Já o Papa Francisco, na missa de canonização de Madre Teresa (4 de setembro de 2016), afirmou que “a sua missão nas periferias das cidades e nas periferias existenciais permanece nos nossos dias como um testemunho eloquente da proximidade de Deus junto dos mais pobres entre os pobres”.

A sua santidade é tão próxima de nós, tão tenra e fecunda, que espontaneamente continuaremos a chamá-la de “Madre Teresa”. Que esta incansável agente de misericórdia nos ajude a entender mais e mais que o nosso único critério de ação é o amor gratuito, livre de qualquer ideologia e de qualquer vínculo e que é derramado sobre todos sem distinção de língua, cultura, raça ou religião.

Obra de caridade

Madre Teresa fundou uma congregação religiosa, as Missionárias da Caridade. No início, ela imaginou uma congregação de mulheres, e recebeu sua primeira companheira em março de 1949.

A “pequena Sociedade” de doze membros foi oficialmente criada em 7 de outubro de 1950. Mas a obra, pouco a pouco, foi crescendo.

As filiais religiosas incluem as Irmãs, seguidas pelos Irmãos (ramo iniciado em 1963), depois as Irmãs Contemplativas (1976), os Irmãos Contemplativos (1979) e os Padres (1984).
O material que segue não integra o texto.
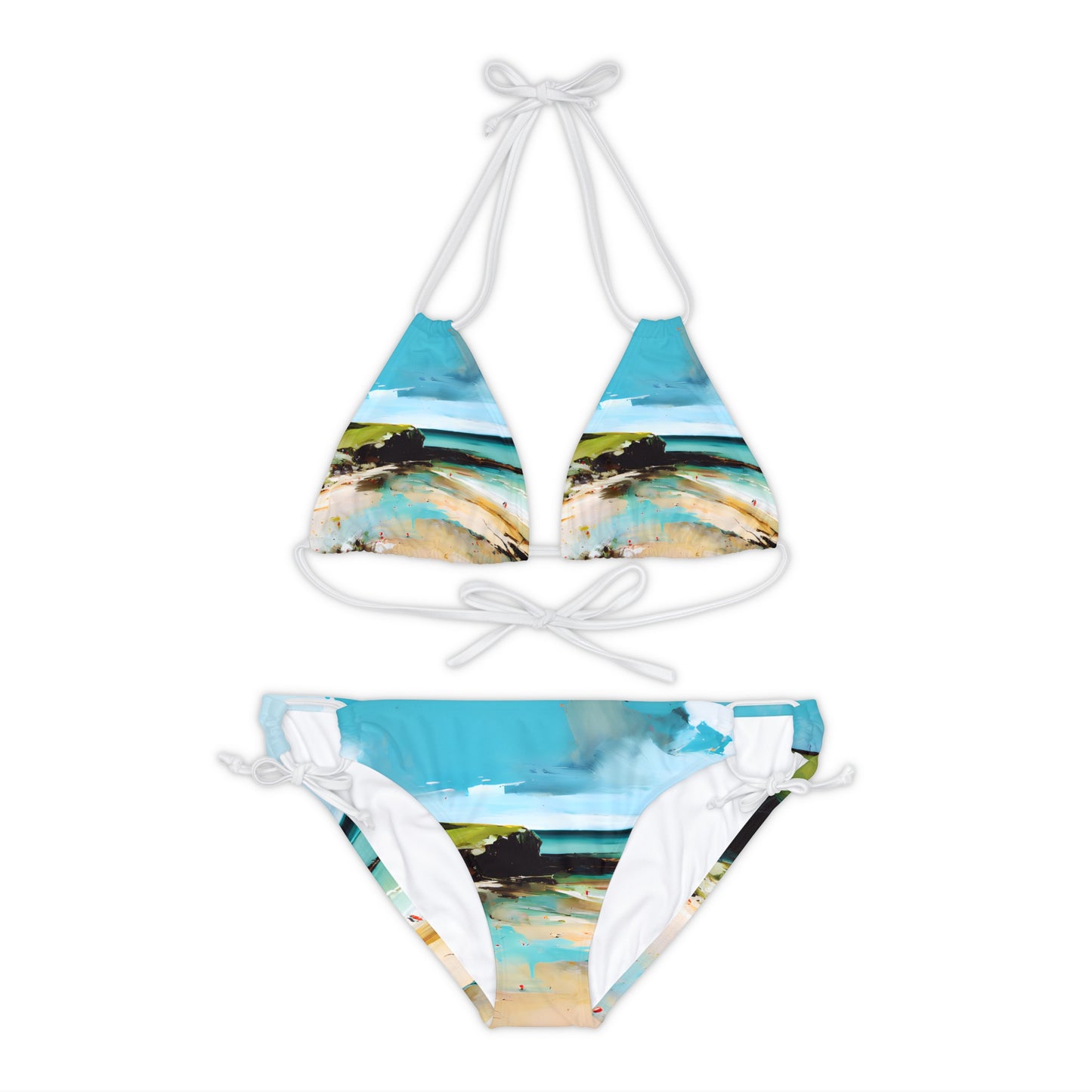 Strappy Bikini Set - Beach 7001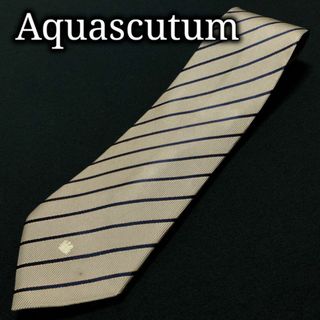 アクアスキュータム(AQUA SCUTUM)のアクアスキュータム ロゴレジメンタル グレー ネクタイ A104-G02(ネクタイ)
Como família religiosa, as Irmãs ativas e contemplativas compõem uma congregação, enquanto os Irmãos e Padres são três congregações separadas.

Todos compartilham o carisma da Madre Teresa para saciar a sede de amor de Deus pela santidade pessoal e trabalhando para a salvação e a santificação dos mais pobres dos pobres.

Para os leigos, a Madre Teresa estabeleceu os colegas de trabalho em 29 de março de 1969 e os colaboradores dos Doentes e dos Sofrimentos em 13 de janeiro de 1953.

E, por fim, os missionários leigos da caridade foram fundados em 13 de abril de 1987.

Segundo dados de 2007, apenas as Irmãs da Caridade somavam 4823 irmãs, que atendiam em 757 casas em 134 países.

Toda a vida e obra de Madre Teresa foi um testemunho da alegria de amar, da grandeza e da dignidade de cada pessoa humana, do valor das pequenas coisas feitas com fidelidade e amor e do valor incomparável da amizade com Deus.

Mas havia outro lado heróico nessa mulher que veio à tona somente após sua morte. Escondida de todos os olhos, escondida até dos mais próximos dela, sua vida interior foi marcada pela experiência de um profundo, doloroso e constante sentimento de separação de Deus, até de se sentir rejeitada por Ele, juntamente com um desejo crescente de Seu amor.

Ela mesma chamou sua experiência interior de “escuridão”. A “noite dolorosa” de sua alma, que começou mais ou menos no início do seu trabalho com os pobres e continuou até o fim de sua vida, levou Madre Teresa a uma união cada vez mais profunda com Deus.

Através das trevas, ela compartilhou a sede de Jesus (o doloroso e ardente desejo de amor de Jesus) e compartilhou a desolação interior dos pobres.